§ **Action item**:
From the line that holds "Personalisiertes Golf Ball" to the end of the records, reproduce every line exactly. No pictures.

[[ Material for this exercise, beginning ]]

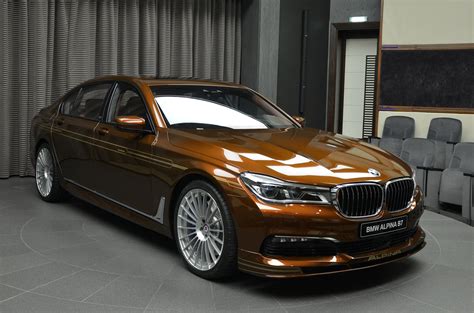 Chestnut Bronze Alpina B7 Bi-Turbo Has Matching Brown Interior ...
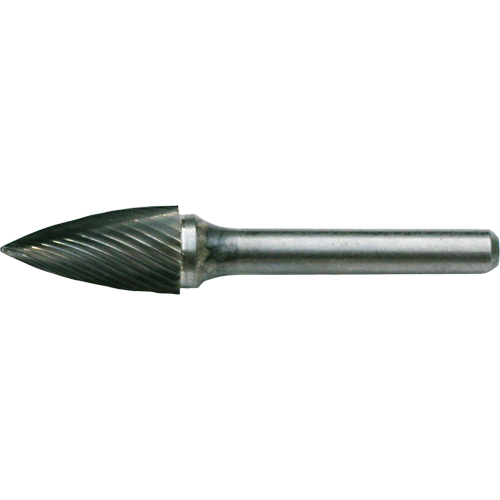 Fraises au carbure solide - Arboriforme avec extr&eacute;mit&eacute; en pointe, , 1/8" dia., 1/8" Tige, 5/16" Prof. de la coupe Toolneeds Inc.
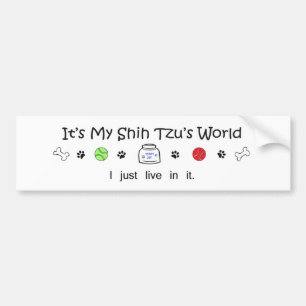 ShihTzu Bumper Sticker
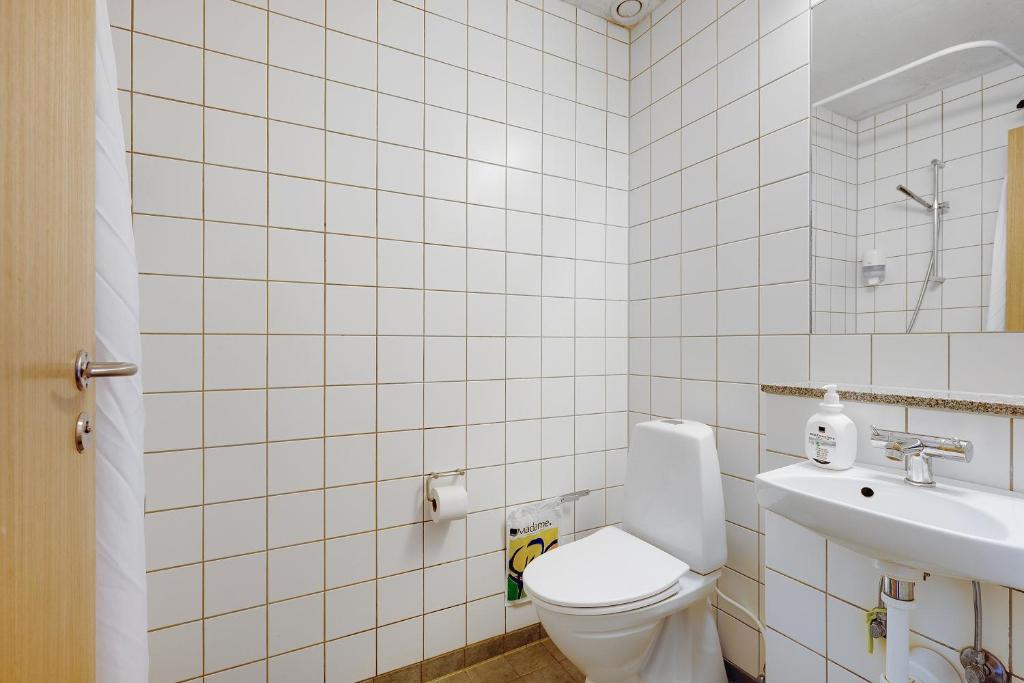 Koupelna v ubytování Danhostel Hillerød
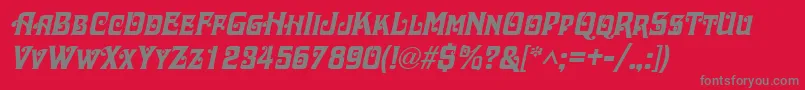 DaschaItalic Font – Gray Fonts on Red Background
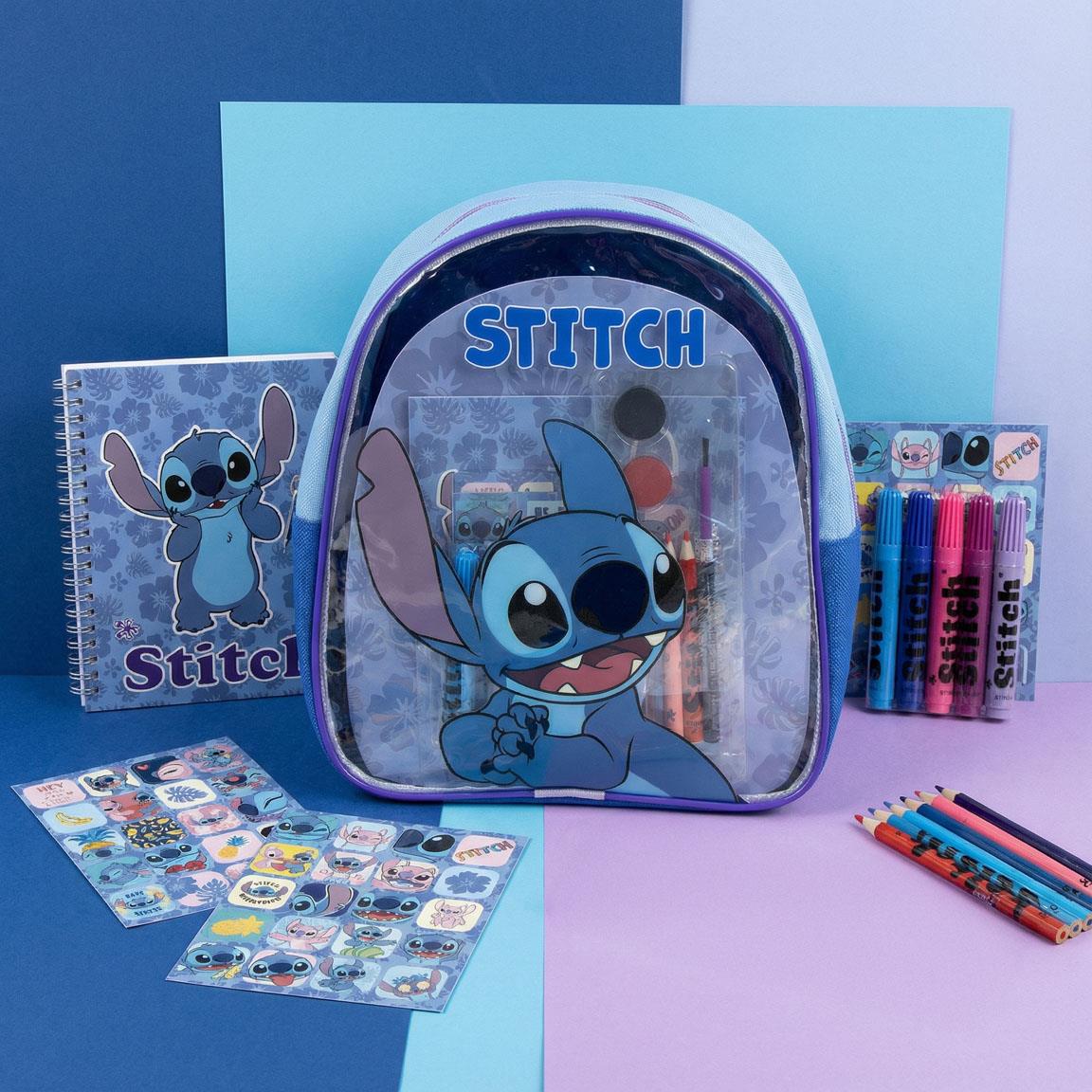 Set coloreable mochila stitch
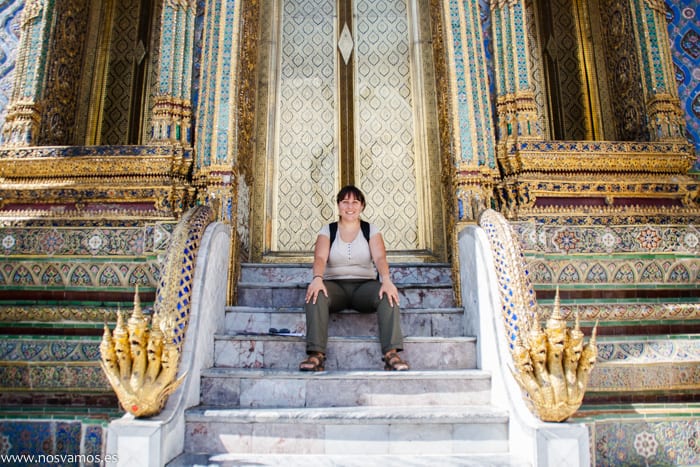 Todo en el palacio real es enorme — Bangkok, Tailandia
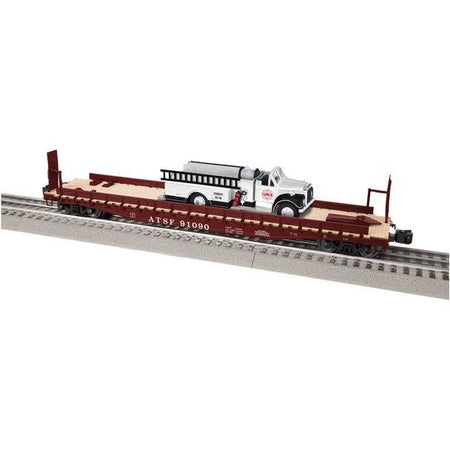 SF 50' FLAT W/TRK 91090 - Lionel - ModelCars.com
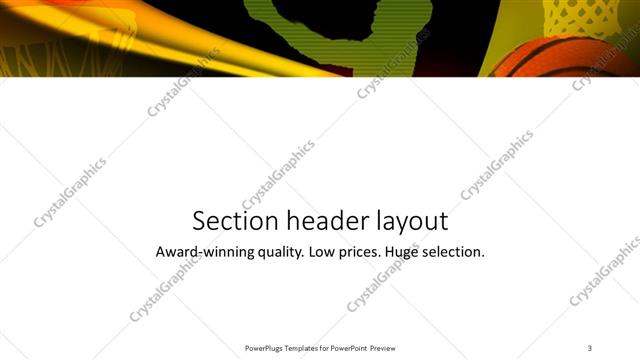 Section Header presentation slide layout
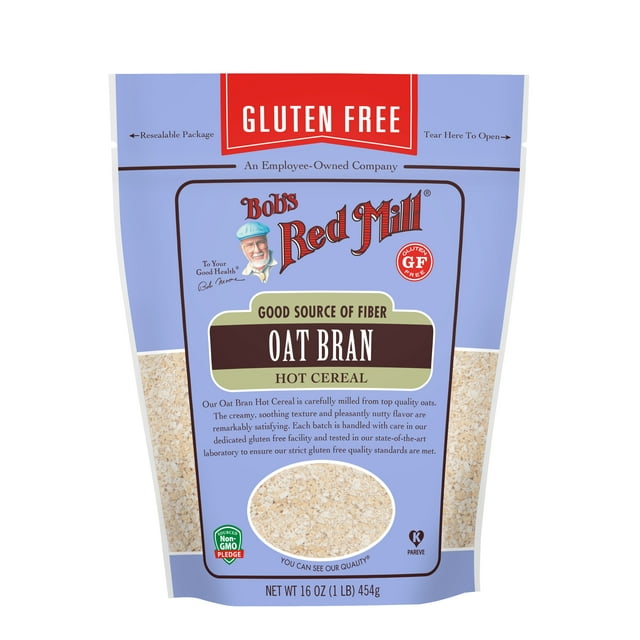Bob's Red Mill Gluten Free Oat Bran, 16-ounce (Pack of 4)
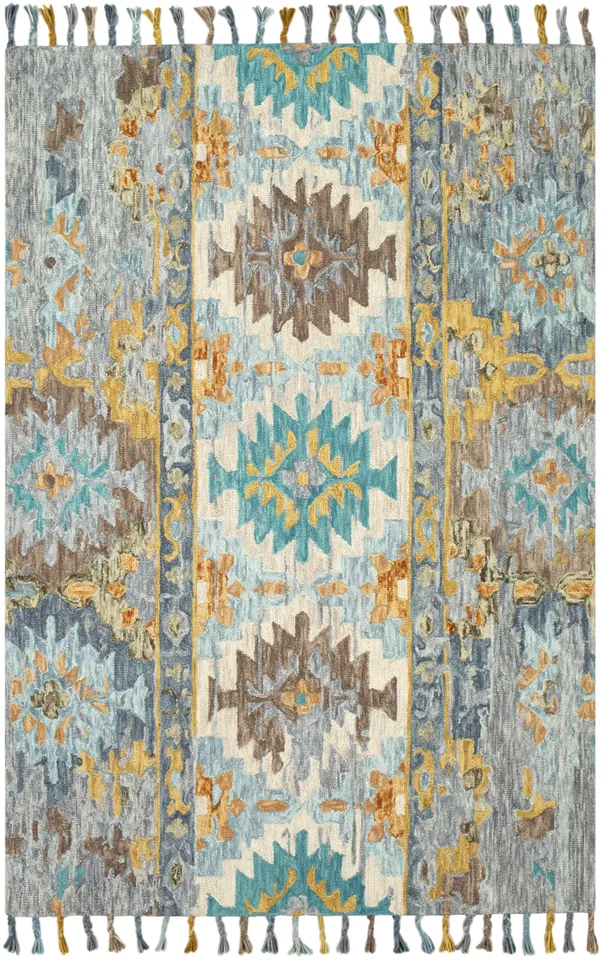 Bonifate Green Indoor 2' x 3' Handmade Rug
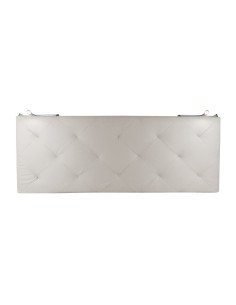 TESTIERA | Spalliera in Ecopelle con 2 Lampade a Led Touch | Colore Surf Ice | Cuciture Rombi | Dimensioni L.180 H.80 2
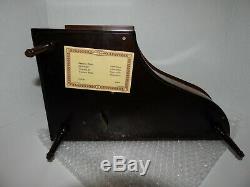 Vintage Reuge Piano shaped wooden music box, 4 songs 50 notes. SUPER CLEAN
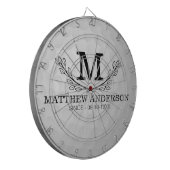 Personalisiertes Golf Ball Muster Name Monogramm A Dartscheibe (Vorderseite Links)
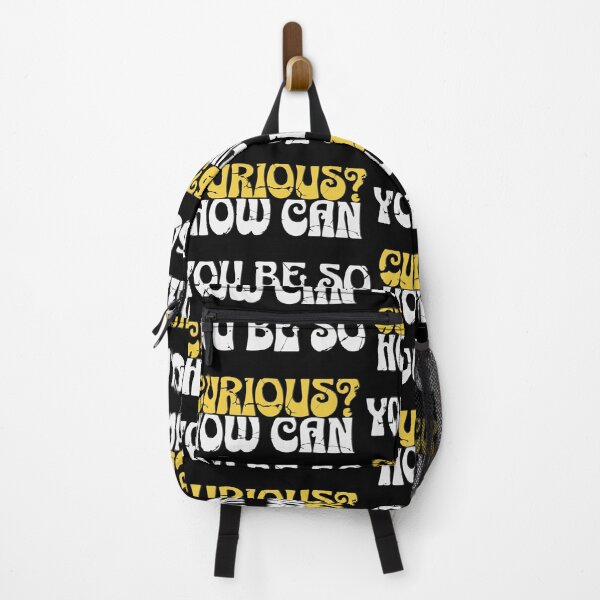 Item preview, "How Can You Be So Curious?" – Minimalist Funny Quote Design designed and sold by T-Chou.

[[ Material for this exercise, end ]]

§ **Problem solution**:
 Personalisiertes Golf Ball Muster Name Monogramm A Dartscheibe (Vorderseite Links)
 Item preview, "How Can You Be So Curious?" – Minimalist Funny Quote Design designed and sold by T-Chou.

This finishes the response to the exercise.